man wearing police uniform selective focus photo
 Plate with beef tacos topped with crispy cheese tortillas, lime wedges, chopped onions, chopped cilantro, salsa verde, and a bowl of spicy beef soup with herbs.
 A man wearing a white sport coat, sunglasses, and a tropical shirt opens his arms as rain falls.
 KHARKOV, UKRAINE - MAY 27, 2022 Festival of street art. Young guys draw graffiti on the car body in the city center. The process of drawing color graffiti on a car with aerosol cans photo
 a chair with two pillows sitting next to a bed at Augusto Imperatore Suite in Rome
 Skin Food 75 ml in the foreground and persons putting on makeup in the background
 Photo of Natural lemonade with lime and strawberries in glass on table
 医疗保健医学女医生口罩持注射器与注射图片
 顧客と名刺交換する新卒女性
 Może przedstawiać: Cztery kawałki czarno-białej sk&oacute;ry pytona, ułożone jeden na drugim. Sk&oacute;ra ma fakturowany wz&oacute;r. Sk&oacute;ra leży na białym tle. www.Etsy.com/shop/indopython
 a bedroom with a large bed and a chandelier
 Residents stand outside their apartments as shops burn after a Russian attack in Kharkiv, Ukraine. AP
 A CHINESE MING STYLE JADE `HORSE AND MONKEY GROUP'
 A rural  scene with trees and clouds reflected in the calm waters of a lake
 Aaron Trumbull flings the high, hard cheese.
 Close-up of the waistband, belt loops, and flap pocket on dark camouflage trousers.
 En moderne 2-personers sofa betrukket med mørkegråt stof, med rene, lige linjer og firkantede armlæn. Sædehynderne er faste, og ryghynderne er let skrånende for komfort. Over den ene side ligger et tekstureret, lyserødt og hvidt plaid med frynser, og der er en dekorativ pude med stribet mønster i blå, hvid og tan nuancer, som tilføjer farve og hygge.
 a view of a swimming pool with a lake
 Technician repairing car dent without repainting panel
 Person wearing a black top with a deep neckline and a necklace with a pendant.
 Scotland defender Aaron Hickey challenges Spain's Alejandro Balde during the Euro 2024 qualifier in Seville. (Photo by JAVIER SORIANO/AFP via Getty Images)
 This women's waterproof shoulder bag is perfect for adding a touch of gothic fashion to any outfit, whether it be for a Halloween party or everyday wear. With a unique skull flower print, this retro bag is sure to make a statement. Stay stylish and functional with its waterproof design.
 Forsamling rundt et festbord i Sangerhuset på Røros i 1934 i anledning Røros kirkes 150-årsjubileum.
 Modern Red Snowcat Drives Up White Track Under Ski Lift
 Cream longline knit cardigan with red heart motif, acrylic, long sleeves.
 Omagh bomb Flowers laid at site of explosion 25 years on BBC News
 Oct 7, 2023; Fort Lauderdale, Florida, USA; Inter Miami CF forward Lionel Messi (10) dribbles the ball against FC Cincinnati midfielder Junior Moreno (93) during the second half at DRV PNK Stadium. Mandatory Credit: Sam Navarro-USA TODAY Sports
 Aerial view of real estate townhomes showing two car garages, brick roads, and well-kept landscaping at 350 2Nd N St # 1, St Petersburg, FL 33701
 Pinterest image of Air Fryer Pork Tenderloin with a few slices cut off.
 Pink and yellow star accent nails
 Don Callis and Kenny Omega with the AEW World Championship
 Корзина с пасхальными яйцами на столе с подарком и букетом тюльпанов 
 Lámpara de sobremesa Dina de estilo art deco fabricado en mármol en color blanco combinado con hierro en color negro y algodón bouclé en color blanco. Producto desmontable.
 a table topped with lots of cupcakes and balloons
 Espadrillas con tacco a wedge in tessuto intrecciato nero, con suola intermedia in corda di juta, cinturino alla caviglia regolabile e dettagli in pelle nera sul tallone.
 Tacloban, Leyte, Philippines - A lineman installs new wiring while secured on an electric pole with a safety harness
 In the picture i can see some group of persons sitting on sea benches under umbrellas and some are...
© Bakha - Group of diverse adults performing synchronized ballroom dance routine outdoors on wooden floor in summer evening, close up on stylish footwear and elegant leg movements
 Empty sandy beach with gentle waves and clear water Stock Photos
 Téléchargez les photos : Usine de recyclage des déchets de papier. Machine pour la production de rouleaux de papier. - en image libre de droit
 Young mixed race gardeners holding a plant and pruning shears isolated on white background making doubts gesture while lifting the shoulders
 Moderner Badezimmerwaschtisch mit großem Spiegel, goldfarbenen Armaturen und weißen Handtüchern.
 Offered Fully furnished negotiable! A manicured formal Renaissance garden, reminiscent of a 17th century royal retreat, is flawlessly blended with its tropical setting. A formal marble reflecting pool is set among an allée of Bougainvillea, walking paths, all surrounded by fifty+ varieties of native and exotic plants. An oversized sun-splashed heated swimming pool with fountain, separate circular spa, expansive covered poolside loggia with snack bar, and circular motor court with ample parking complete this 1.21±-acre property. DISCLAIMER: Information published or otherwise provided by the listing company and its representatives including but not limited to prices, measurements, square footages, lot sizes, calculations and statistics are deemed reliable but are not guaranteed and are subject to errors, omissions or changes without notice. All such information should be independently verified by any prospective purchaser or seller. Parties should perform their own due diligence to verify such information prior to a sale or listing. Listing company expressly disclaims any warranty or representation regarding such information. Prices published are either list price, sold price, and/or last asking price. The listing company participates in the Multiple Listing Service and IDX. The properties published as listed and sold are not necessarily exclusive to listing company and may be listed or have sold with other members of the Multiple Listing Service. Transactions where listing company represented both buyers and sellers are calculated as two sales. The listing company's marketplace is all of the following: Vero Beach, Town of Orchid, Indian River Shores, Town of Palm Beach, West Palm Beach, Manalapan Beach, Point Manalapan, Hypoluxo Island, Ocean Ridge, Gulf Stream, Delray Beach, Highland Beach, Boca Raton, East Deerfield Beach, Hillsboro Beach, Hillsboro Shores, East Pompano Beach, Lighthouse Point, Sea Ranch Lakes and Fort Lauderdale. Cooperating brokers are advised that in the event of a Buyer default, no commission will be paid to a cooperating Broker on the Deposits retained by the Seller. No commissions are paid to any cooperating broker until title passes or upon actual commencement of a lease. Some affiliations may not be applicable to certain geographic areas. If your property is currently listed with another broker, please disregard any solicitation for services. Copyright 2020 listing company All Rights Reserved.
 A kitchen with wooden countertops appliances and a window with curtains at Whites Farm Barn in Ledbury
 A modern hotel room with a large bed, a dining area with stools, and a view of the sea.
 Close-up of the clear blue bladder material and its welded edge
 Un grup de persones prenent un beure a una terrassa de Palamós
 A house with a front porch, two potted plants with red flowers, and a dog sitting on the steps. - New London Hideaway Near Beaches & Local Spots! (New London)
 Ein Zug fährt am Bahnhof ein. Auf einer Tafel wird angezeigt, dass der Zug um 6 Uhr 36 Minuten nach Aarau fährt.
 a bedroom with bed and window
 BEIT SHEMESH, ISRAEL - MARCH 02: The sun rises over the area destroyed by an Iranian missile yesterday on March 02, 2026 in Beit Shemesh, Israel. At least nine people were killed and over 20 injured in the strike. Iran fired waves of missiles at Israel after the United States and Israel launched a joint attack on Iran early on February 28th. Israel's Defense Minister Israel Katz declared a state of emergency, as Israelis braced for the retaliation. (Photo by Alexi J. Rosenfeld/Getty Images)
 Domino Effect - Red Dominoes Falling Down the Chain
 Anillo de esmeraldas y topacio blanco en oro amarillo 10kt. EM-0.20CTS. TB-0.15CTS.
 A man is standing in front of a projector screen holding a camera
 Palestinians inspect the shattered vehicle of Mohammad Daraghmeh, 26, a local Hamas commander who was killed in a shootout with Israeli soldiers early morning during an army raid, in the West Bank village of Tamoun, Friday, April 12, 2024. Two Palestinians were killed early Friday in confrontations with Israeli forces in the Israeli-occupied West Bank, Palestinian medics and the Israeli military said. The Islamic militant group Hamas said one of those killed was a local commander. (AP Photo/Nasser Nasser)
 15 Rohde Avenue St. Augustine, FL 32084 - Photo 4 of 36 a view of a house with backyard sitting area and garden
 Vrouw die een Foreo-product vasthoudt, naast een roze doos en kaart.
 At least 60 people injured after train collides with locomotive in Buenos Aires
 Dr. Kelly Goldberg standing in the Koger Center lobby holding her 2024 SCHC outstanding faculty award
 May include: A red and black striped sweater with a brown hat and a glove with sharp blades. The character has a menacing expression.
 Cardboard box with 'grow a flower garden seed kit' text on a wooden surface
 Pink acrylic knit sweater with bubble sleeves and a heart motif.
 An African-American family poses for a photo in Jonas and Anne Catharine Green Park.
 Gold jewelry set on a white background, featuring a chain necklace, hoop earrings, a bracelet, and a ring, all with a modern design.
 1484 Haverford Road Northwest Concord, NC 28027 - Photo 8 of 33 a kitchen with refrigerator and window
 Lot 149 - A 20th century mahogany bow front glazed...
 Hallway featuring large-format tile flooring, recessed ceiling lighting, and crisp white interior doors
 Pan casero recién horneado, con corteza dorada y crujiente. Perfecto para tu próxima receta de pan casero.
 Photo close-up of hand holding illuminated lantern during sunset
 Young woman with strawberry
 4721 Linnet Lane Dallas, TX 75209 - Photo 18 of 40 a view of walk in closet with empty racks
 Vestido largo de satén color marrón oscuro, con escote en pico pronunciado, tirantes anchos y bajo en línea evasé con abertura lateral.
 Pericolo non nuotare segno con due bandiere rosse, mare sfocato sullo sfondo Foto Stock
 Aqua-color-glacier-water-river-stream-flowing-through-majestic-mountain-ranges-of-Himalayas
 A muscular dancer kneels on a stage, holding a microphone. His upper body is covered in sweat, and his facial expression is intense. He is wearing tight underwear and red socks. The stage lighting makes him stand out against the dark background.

▶ [What is being asked]
Can you repeat, word for word, every line above from the one containing "Pink and yellow star accent nails" down to the one containing "Young mixed race", including both?

▶ [Completed task]
 Pink and yellow star accent nails
 Don Callis and Kenny Omega with the AEW World Championship
 Корзина с пасхальными яйцами на столе с подарком и букетом тюльпанов 
 Lámpara de sobremesa Dina de estilo art deco fabricado en mármol en color blanco combinado con hierro en color negro y algodón bouclé en color blanco. Producto desmontable.
 a table topped with lots of cupcakes and balloons
 Espadrillas con tacco a wedge in tessuto intrecciato nero, con suola intermedia in corda di juta, cinturino alla caviglia regolabile e dettagli in pelle nera sul tallone.
 Tacloban, Leyte, Philippines - A lineman installs new wiring while secured on an electric pole with a safety harness
 In the picture i can see some group of persons sitting on sea benches under umbrellas and some are...
© Bakha - Group of diverse adults performing synchronized ballroom dance routine outdoors on wooden floor in summer evening, close up on stylish footwear and elegant leg movements
 Empty sandy beach with gentle waves and clear water Stock Photos
 Téléchargez les photos : Usine de recyclage des déchets de papier. Machine pour la production de rouleaux de papier. - en image libre de droit
 Young mixed race gardeners holding a plant and pruning shears isolated on white background making doubts gesture while lifting the shoulders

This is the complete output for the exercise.